There’s nothing more exciting for me than discovering a new alleyway or court in London, so much so that I document each one on a Google Map with as much information as I can find on it.

It may look like there’s a lot of pins on the map, but the reality is that the number of alleyways has shrunk by around half since the early 1800 with at least 60% having disappeared since the 1930s, and the creeping tide of destruction hasn’t halted. I can think of at least five where the land owner has either gated or built over the top of the thoroughfare. Eventually access becomes more difficult and eventually is restricted totally.

I think there’s something more personal about these alleyways, as for the most part they were residential. It’s more difficult to imagine someones life in a major area, for example Fleet Street, which has the largest concentration of these surviving alleyways. However, step off the main street into an ill lit alley or small courtyard and you can be immediately transported back to a time when these backwaters were busselling with people going about their everyday lives, virtually every alley has a story to tell, however mundane it may be although sometimes you get a real pot boiler, death and scandal were no strangers.

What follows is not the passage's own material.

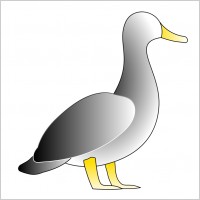 Jonathon's Duck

After a while of collecting these locations and their stories I decided that I had enough material to turn it into a guided walking tour. This started off as something I would do for friends and relatives but over the years it became the cornerstone of the guided walking tour company that I now operate, and as the first it has always been my favourite. Not Avenues, but Alleyways is available as a guided walking tour, while Not Avenues, but Alleyways (A backstreet guide around Fleet Street) is a self guided audio tour that you download onto your mobile phone. Both are the same tour and take about 90 minutes to complete.